I think common sense tells us the burning of fossil fuels is a substantive cause of global warming. I think we also agree that sensible, prudent steps can and should be taken to protect our environment, including research and promotion of alternative fuels, protection of species at risk, protection of remaining wild areas and restoration of habitat.

Fletcher’s issue is the capturing of popular thought on the environmental issue by the publishing of irresponsible information and imagery.

We are being manipulated by enviro-corporates who have turned what should be one of our most important public initiatives into a shameful exercise of enviro-organizations that misdirect and misinform in the true tradition of the corporate entities they so smugly attack.

The time has come for common sense in dealing with all the legitimate environmental issues we face:

1. Let’s finally recognize our greatest environmental challenge — population growth. Regardless of what fuel you use, 7.5-billion people will and are destroying the environment. Let’s start spending our foreign aid on promoting birth control and education in the developing world.

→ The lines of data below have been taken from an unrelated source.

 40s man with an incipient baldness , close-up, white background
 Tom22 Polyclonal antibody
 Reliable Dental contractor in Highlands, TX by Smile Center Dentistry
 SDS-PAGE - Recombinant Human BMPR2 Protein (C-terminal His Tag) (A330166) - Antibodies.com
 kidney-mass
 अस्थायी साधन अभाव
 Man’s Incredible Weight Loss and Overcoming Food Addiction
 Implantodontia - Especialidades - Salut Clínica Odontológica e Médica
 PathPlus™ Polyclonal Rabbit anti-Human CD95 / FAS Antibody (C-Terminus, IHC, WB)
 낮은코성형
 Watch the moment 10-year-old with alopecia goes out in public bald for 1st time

2. If carbon taxes are here to stay, let’s stop being hypocrites by no longer putting the funds into general revenue. It is arguable as to whether the tax limits consumption, but it is unarguable that the tax proceeds can and should be used for environmental purposes. Carbon tax revenue should go toward funding our fisheries and wildlife officers to enforce the law (federal fisheries officers can barely afford to put gas in their boats), rebuilding salmon and other wildlife habitat, purchasing commercial fishing licences and placing a five-year, full-cycle moratorium on salmon fishing, funding the retooling of coastal community economies from fishing to eco-tourism and purchasing and closing open-net fish farming and replacing it with landlocked fish farming.

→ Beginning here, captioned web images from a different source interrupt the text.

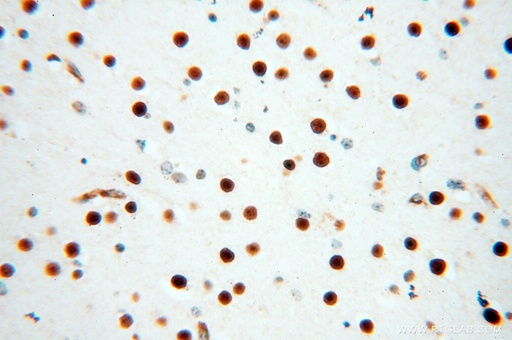 [13921-1-AP-150UL] NKX2-5 Polyclonal antibody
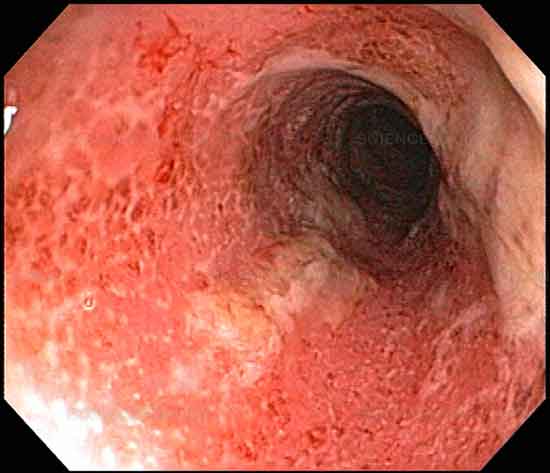 Behandlung von Colitis ulcerosa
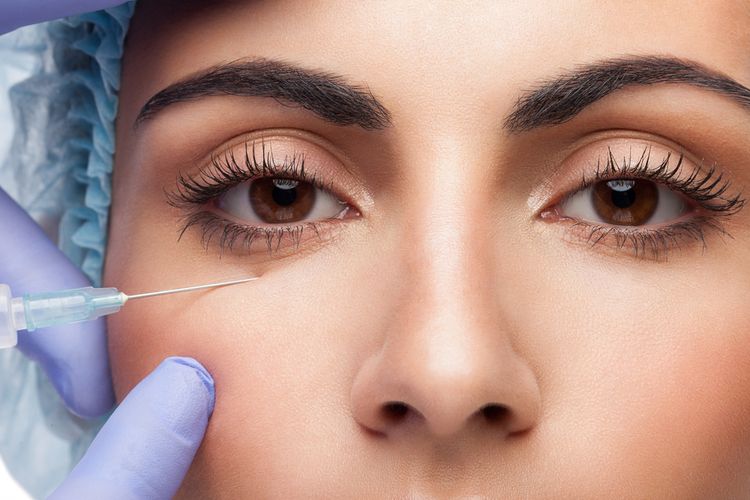 Ilustrasi operasi lipatan mata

3. Continue to expand the true remaining wild areas as permanent parks and enforce the activities and boundaries in these areas.

4. Recognize that our civilization is 30 to 50 years away from stopping the use of fossil fuels and that the developing world will continue to consume oil and gas until a cheaper, plentiful, viable alternative is presented. In the meantime, our oil and gas is as good as anyone else’s and, if the developing world does not use ours, it will use someone else’s.

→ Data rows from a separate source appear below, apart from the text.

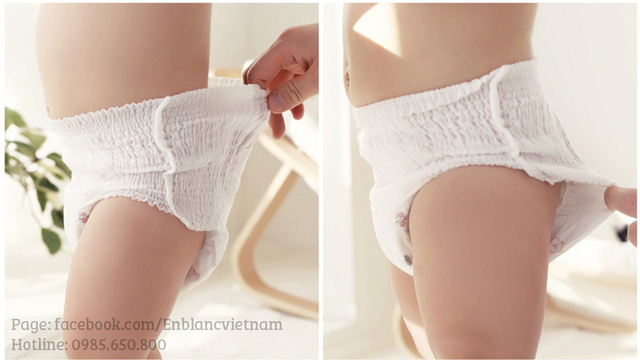 Chọn bỉm thế nào để con không bị hăm trong thời tiết giao mùa - Ảnh 1.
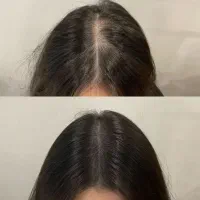 این اقدام آخریشه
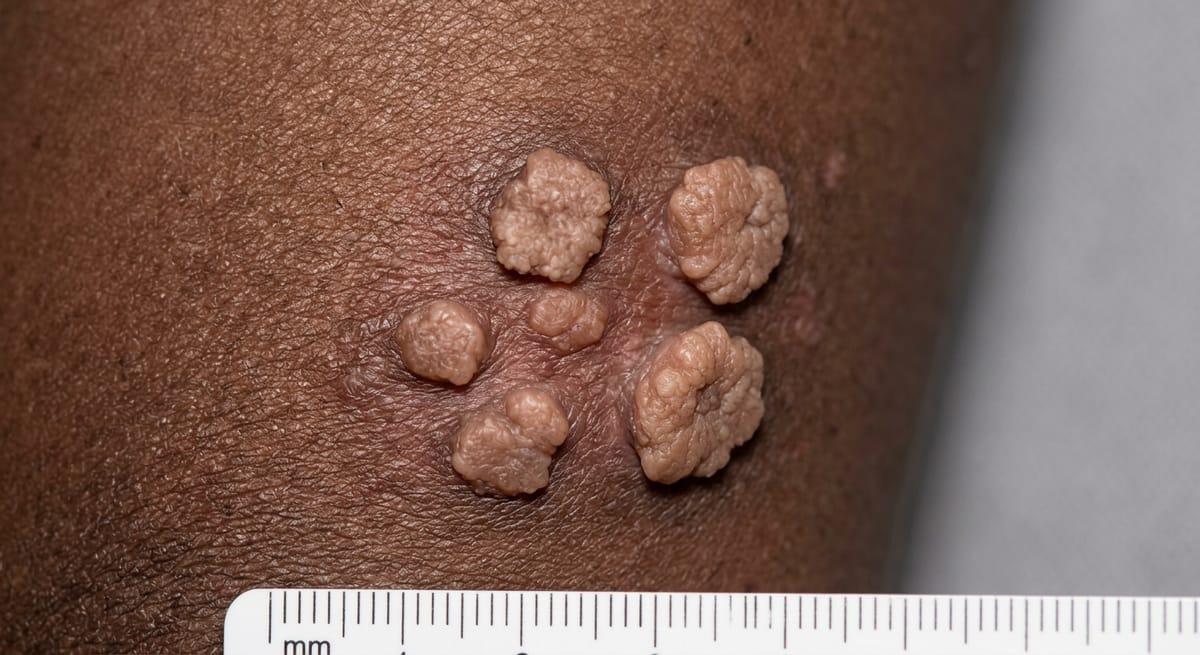 До: Кондиломатоз вульвы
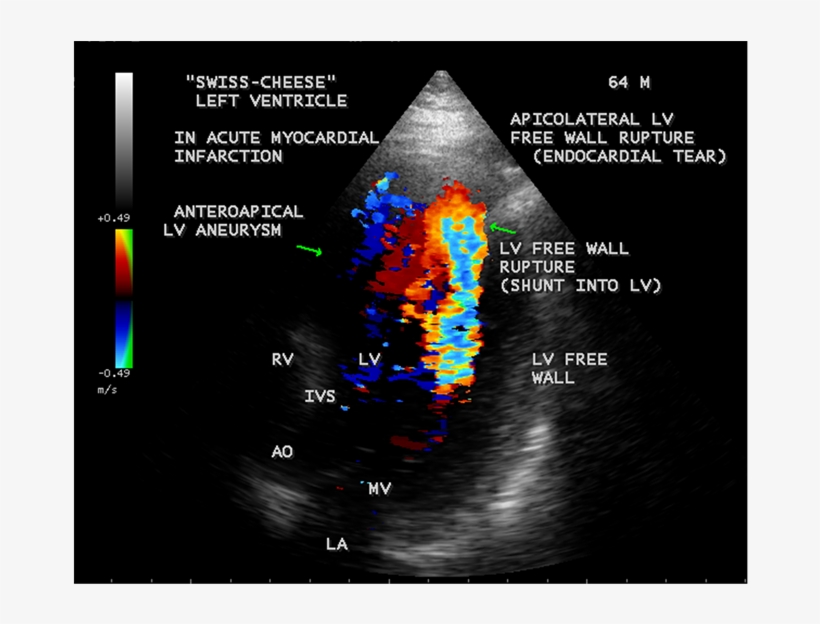 Apical 3 Chamber View Showing The Apicolateral Lv Free - Ventricular Free Wall Rupture Echo, transparent png #5670158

The taxes and royalties generated from our gas and oil sales pay for our country’s infrastructure, hospitals and other critical institutions, which are in woeful neglect.

Carbon tax proceeds and a portion of royalty revenue should be divided up amongst Canadians to fund technology initiatives to end our reliance on fossil fuels and to target immediate needs, including addiction treatment and water supply on First Nations land.

These are only a few ideas meant to start a meaningful dialogue and end the pop culture imagery that has dominated what needs to be a very serious discussion.